On est bien sur France Inter, n'est-ce pas ?

Oui, parce que cette radio est d’une élégance folle, on apprend des choses, moi je l’écoute depuis le début du confinement, je me suis renseigné, j’aurai une équivalence Bac 5 à la sortie. Sur RMC, il y a des concours de rôts, sur Europe 1 Canteloup fait Ségolène Royal, on le sait parce que juste avant, Julie dit « vous allez faire Ségolène Royal », sinon vous vous dites « là, il fait Gérard Darmon » mais sur Inter, c’est feutré, aussi doux que les poils du dos de Benoit Hamon, qu’on lui caresserait en lui murmurant « j’y crois à ton revenu universel, ma grosse loute des Côtes d’Armor ». 

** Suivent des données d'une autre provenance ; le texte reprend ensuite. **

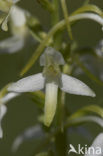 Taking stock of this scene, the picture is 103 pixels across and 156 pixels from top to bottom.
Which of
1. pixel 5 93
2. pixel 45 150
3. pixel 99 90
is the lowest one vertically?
pixel 99 90

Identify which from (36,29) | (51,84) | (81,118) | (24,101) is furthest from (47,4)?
(24,101)

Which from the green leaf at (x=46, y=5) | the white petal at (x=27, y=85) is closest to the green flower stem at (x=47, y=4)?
the green leaf at (x=46, y=5)

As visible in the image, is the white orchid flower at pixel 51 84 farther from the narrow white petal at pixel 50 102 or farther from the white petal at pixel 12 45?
the white petal at pixel 12 45

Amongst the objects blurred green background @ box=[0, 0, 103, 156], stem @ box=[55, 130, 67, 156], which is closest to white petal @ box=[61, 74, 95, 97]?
stem @ box=[55, 130, 67, 156]

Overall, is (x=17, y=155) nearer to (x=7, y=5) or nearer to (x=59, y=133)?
(x=59, y=133)

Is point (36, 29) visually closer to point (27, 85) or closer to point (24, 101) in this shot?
point (27, 85)

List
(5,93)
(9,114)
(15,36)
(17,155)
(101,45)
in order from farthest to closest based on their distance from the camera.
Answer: (9,114) < (17,155) < (15,36) < (101,45) < (5,93)

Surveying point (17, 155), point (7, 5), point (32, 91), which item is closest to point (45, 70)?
point (32, 91) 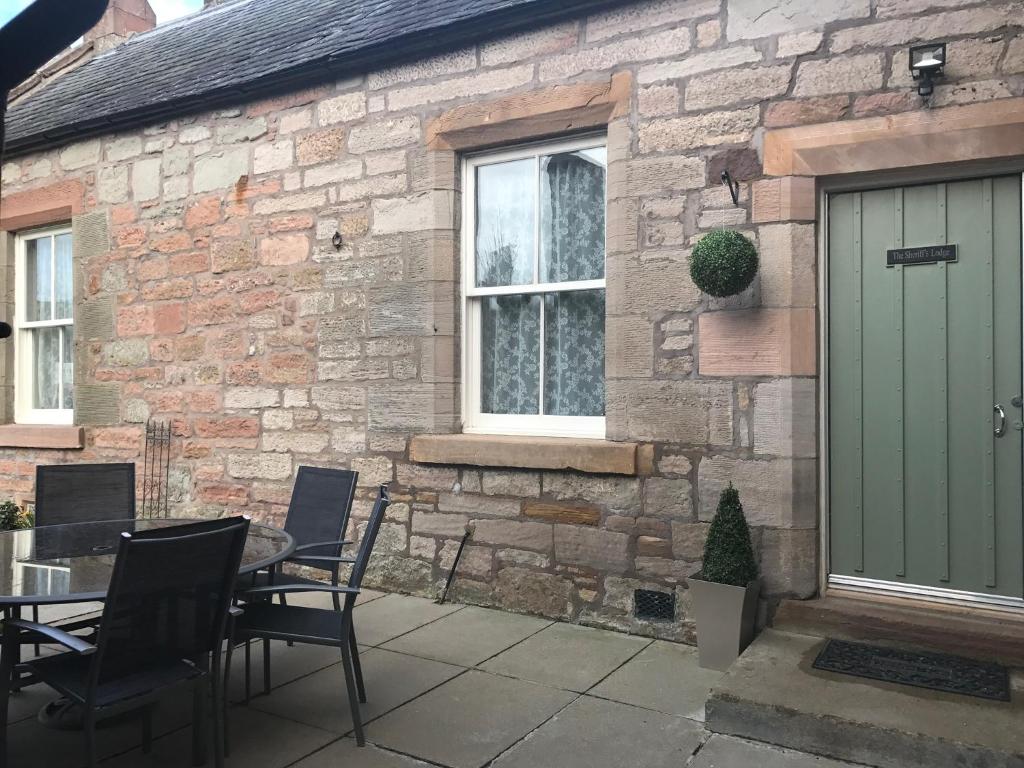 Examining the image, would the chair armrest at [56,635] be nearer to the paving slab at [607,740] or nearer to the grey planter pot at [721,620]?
the paving slab at [607,740]

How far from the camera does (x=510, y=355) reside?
5.17 metres

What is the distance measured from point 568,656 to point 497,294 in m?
2.21

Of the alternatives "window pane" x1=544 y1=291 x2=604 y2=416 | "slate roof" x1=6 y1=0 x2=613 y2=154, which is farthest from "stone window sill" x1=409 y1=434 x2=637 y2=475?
"slate roof" x1=6 y1=0 x2=613 y2=154

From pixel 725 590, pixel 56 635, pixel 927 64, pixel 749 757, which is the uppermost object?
pixel 927 64

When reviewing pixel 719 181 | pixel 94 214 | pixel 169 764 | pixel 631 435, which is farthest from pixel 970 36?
pixel 94 214

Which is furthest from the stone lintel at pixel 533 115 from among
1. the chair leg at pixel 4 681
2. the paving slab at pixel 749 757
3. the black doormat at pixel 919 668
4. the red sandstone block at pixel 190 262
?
the chair leg at pixel 4 681

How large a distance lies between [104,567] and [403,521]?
7.71ft

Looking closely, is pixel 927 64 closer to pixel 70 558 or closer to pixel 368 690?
pixel 368 690

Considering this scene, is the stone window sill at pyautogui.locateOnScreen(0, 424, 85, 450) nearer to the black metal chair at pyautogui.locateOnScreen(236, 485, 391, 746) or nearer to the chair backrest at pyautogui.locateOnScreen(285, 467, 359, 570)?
the chair backrest at pyautogui.locateOnScreen(285, 467, 359, 570)

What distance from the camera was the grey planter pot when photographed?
3.85m

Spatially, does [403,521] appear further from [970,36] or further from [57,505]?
[970,36]

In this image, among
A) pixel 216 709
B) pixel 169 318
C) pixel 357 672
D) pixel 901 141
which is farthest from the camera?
pixel 169 318

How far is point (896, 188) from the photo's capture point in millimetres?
3982

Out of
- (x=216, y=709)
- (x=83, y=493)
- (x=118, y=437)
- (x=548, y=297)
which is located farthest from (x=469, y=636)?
(x=118, y=437) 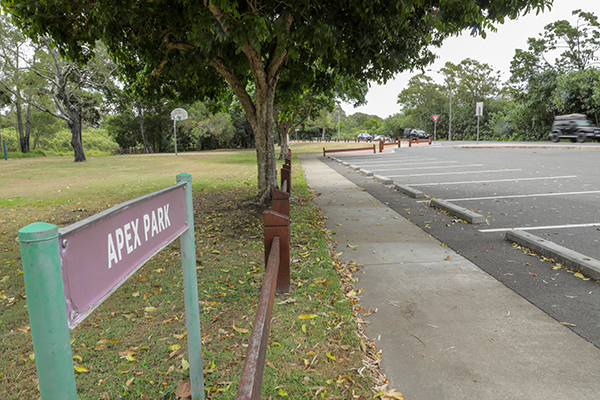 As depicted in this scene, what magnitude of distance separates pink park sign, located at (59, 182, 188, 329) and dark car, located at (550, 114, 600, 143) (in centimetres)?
3150

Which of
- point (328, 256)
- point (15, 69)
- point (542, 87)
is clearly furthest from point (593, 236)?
point (542, 87)

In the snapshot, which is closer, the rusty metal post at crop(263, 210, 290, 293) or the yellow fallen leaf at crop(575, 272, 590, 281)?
the rusty metal post at crop(263, 210, 290, 293)

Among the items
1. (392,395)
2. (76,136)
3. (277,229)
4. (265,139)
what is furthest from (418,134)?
(392,395)

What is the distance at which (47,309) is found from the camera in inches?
39.6

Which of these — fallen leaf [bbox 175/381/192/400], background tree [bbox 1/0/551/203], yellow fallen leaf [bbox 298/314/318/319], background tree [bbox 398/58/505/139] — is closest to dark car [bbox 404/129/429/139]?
background tree [bbox 398/58/505/139]

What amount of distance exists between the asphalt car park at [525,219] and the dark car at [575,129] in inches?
562

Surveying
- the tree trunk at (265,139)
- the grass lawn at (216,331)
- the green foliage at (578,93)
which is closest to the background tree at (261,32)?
the tree trunk at (265,139)

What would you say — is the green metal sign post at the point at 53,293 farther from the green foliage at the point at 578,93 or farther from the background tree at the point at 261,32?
the green foliage at the point at 578,93

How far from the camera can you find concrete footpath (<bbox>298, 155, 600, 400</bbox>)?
104 inches

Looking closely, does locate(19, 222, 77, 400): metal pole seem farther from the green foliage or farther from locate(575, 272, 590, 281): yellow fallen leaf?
the green foliage

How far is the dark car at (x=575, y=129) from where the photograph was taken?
83.9ft

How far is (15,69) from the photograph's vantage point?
2541 centimetres

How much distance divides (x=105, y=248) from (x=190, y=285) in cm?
104

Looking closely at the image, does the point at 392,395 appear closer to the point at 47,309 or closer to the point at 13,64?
the point at 47,309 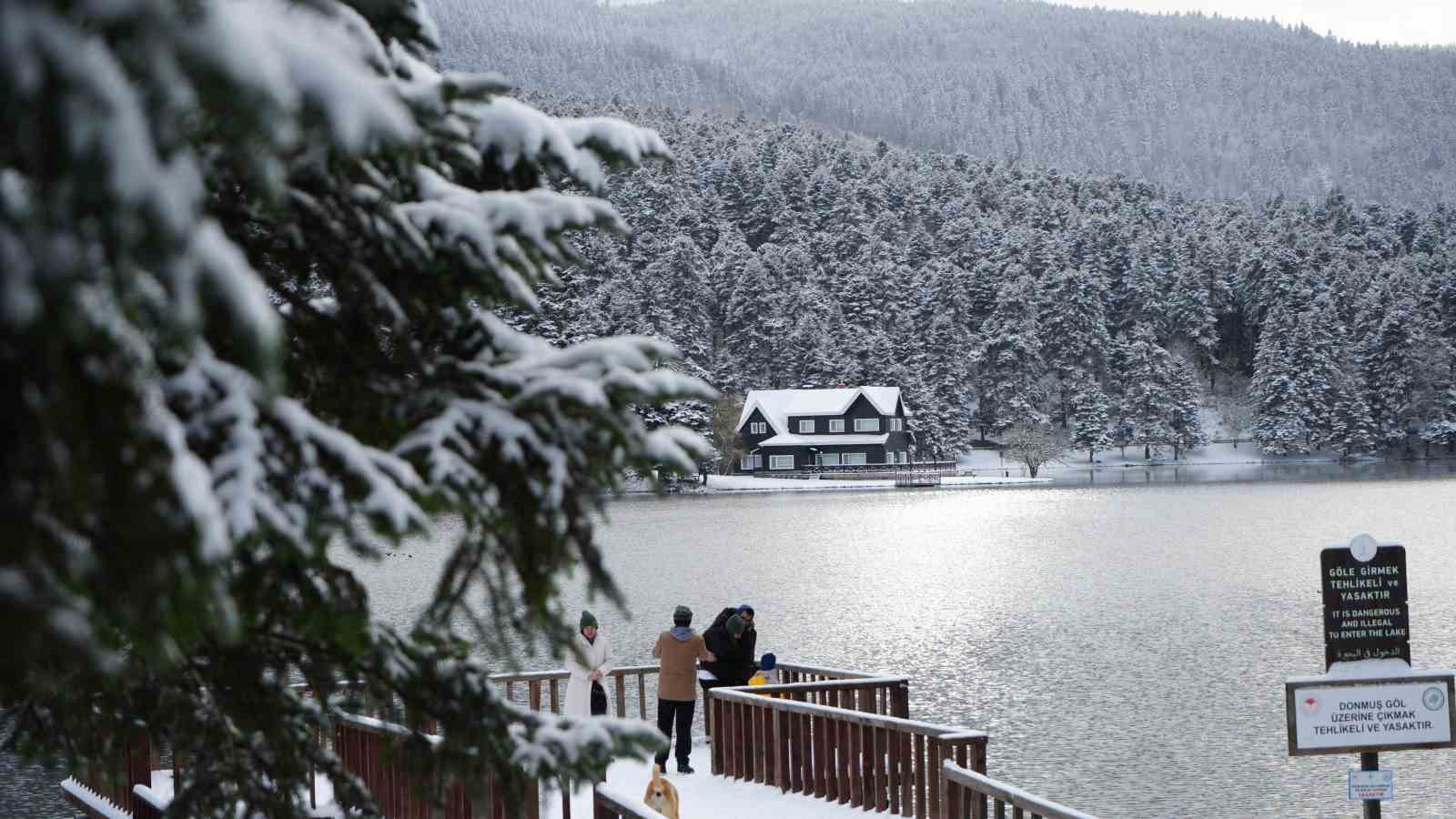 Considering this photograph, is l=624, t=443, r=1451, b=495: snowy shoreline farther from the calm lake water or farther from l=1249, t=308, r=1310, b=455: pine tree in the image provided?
the calm lake water

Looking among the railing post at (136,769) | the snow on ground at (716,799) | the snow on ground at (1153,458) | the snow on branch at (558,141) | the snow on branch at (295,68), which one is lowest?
the snow on ground at (716,799)

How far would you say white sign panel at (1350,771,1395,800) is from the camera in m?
10.7

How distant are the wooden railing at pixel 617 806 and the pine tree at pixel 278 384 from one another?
2.80m

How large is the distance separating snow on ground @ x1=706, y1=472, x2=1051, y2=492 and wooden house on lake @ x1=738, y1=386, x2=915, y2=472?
3.23 meters

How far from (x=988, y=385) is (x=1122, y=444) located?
1191 centimetres

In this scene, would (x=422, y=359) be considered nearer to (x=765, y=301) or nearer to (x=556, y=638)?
(x=556, y=638)

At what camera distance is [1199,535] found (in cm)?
5212

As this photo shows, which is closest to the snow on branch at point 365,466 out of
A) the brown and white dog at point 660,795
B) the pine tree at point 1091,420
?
the brown and white dog at point 660,795

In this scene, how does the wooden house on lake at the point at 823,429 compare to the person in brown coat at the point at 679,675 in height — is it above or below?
above

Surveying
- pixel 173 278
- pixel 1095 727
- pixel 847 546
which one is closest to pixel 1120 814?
pixel 1095 727

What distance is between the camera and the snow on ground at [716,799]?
10.6 meters

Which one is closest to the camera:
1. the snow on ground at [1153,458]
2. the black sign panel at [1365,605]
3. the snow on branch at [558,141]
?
the snow on branch at [558,141]

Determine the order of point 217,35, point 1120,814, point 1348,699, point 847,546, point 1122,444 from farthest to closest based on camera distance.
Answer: point 1122,444
point 847,546
point 1120,814
point 1348,699
point 217,35

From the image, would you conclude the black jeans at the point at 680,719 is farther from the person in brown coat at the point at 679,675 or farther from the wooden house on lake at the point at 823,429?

Et hier, oh délectation, oh jouissance de l’intellect, oh neurone qui twerke, j’ai écouté le 7/9, dans lequel Augustin Trapenard a une pastille. Trapenard, c’est cet homme beau, intelligent et intéressant, en fait, on dirait moi. Il lit des lettres de gens illustres qui racontent leur confinement, et hier c’était Michel Houellebecq, seul homme à être défini par les ruraux comme un bon coin à champignons, qui avait écrit la sienne. C’est Augustin en personne qui lit les lettres, j’ai mis du temps à comprendre ça, pendant 2 semaines je me suis dit « c’est bizarre dans le monde du spectacle, ils ont tous la voix de Trapenard, sauf Polnareff qui a celle de Pascal Obispo ». Et la lettre de Houellebecq était désespérante mais forcément juste, car la vie n’est qu’un long désespoir au cours duquel on fait 200 fois l’amour, 16000 fois si on écoute le soir en couple au moment de se coucher des chansons d’Elodie Frégé, puis on décède un soir devant sa blanquette de veau, en ayant juste le temps de prononcer un dernier « elle est pour toi, celle-là, Gérard Larcher ». Et Houellebecq dit qu’après la pandémie, le monde ne sera pas mieux, mais pire qu’avant, ce qui est vrai, parce qu’étant confinés, des tas de gens se sont mis à jouer d’un instrument et qu’à la Fête de la Musique il va y avoir 2 fois plus de groupes. Ce soir-là, le peu de masques que j’ai, je vais me les foutre dans les oreilles. Dès le 11, la course à la production va reprendre, la pollution avec, on va jeter Greta Thunberg dans une fosse à pangolins affamés en leur disant « vengez-vous les mecs », des enfants à l’étranger fabriqueront des jouets pour les nôtres, atroce, sauf pour les marques de jouets.

Et en parallèle, hier je lisais le Parisien, la version numérique, qui diffère de la version papier par le fait qu’on ne peut pas démarrer un barbecue avec, parce que ça fait un iPad par soir, et je suis tombé sur un article à propos d’Aymeric Lompret. C’est l’un des 900 humoristes France Inter, il est barbu, comme Edouard Philippe, drôle, comme une autre personne qu’Edouard Philippe, et il est dans « Par Jupiter », l’émission de gauche d’Inter. En opposition à la nôtre, l’émission de droite d’Inter, il faut savoir qu’après chaque chronique Rachida Dati m’envoie en Colissimo un pull Burton à porter sur mes épaules cet été, quant à Daniel Morin, il couche avec Christian Jacob. Et Aymeric Lompret, interrogé sur le monde d’après, dont tout le monde parle, sauf Sophie Davant qui préfère parler d’elle-même, explique qu’il aime le collectif, l’esprit de bande, la convivialité. Autant de valeurs dangereuses puisqu’elles nous ont donné la CGT et le ska festif. Donc forcément, son monde d’après est différent de celui de Houellebecq, c’est comme de faire se rencontrer Hubert-Félix Thiéfaine en plein spleen baudelairien et Kamel Ouali qui monter une choré pour un concert de Shy’m en balançant du boule.

France Inter, c’est donc le yin et le yang, la lueur des cimes et l’antre de Belzébuth, le Xanax et la Juvamine. C’est une radio sans ligne éditoriale, avec un discours diffus, dont je propose la fermeture immédiate. Canteloup qui fait Garou, ou Mylène Farmer, on ne sait pas, c’est quand même autre chose.